N’insistons pas davantage sur l’idée de dette mais détaillons l’Institué. Qualitativement, Gagnepain appelle office un ensemble non fini de services dont on prend la responsabilité et si j’en prends la responsabilité, il n’appartient à personne d’autre de le faire à ma place : mon devoir se définit par opposition à ceux des autres. C’est ma part, bien distincte de celle des autres. Rappelons une fois encore que c’est une faculté à engendrer des entités, toujours réajustables tout comme l’est l’établissement (ou le rôle et le métier) qui me permet de déterminer non pas ce que j’ai à faire (ça c’est l’office) mais jusqu’où j’ai à le faire.

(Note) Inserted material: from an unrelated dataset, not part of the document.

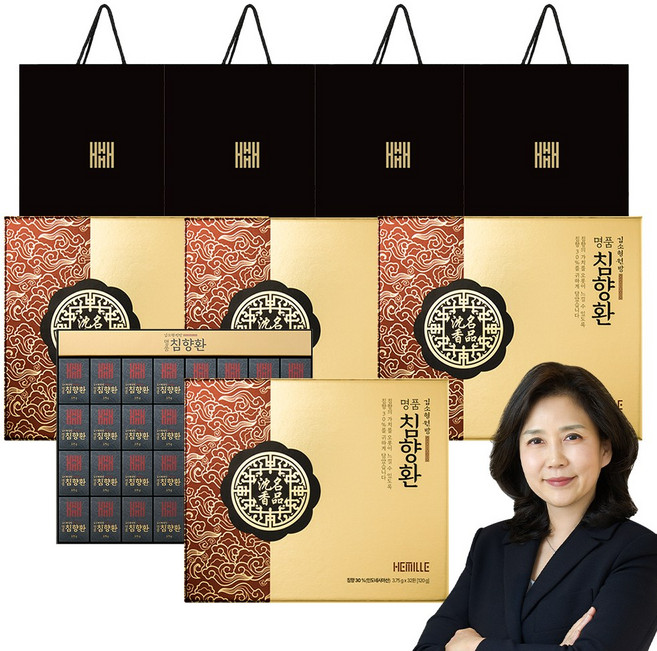 김소형원장 침향30% 명품 침향환 32환+쇼핑백, 120g, 4박스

Dans l’Institué, on fera donc la différence entre la capacité à définir le service qui doit être rendu et celle par laquelle se détermine jusqu’où la dette doit être assumée. On détermine sa participation qualitativement (qu’est-ce que je dois faire ?) et quantitativement (à partir de quand est-ce que j’empiète sur la compétence de l’autre ?). Dans le premier cas, Guyard parle de capacité de qualification qui détermine la nature de l’office. D’autres médiationnistes parlent de fonction mais le terme peut porter à confusion avec l’utilité. Or ce n’est pas d’efficacité dont il s’agit mais de contribution. Guyard introduit la notion d’indépendance où se joue l’espace quantitatif des obligations qui sont les miennes.

Vous êtes peut-être surpris par la richesse du vocabulaire, alors que beaucoup de termes sont finalement synonymes. Il y a effectivement là un vivier de réflexions que nous exploiterons dans les chapitres suivants. J’essaierai justement de définir le pouvoir dans cette perspective de l’échange. Y a du taf, d’autant qu’on n’a pas encore abordé la phase de réinvestissement politique de la Personne. Tous les concepts définis ici sont des aptitudes et même si les termes choisis (statut, notable, office, partenaire ou établissement) vous évoquent des entités figées, il est important de lutter contre cette tentation de réification des potentiels. C’est sans doute pour cela que Guyard parle de distinction, de discrimination, de qualification et d’indépendance, dénominations qui suggèrent plus la virtualité des facultés que leur réalisation. 

Je vous donne donc rendez-vous au prochain chapitre en espérant que vous me rendrez visite.

Tout le reste est littérature. A la revoyure !

Pour aller plus loin: 

Non, ce n’est pas michel Rocard!

Je mets en parallèle avec la théorie de Mauss une citation de Dom Hélder Câmara qu’on pourrait intituler : joug, contre-joug et contrecoup.  

«Il y a trois sortes de violence.

La première, mère de toutes les autres, est la violence institutionnelle, celle qui légalise et perpétue les dominations, les oppressions et les exploitations, celle qui écrase et lamine des millions d’hommes dans ses rouages silencieux et bien huilés.

La seconde est la violence révolutionnaire, qui naît de la volonté d’abolir la première.

La troisième est la violence répressive, qui a pour objet d’étouffer la seconde en se faisant l’auxiliaire et la complice de la première violence, celle qui engendre toutes les autres. Il n’y a pas de pire hypocrisie de n’appeler violence que la seconde, en feignant d’oublier la première, qui la fait naître, et la troisième qui la tue.»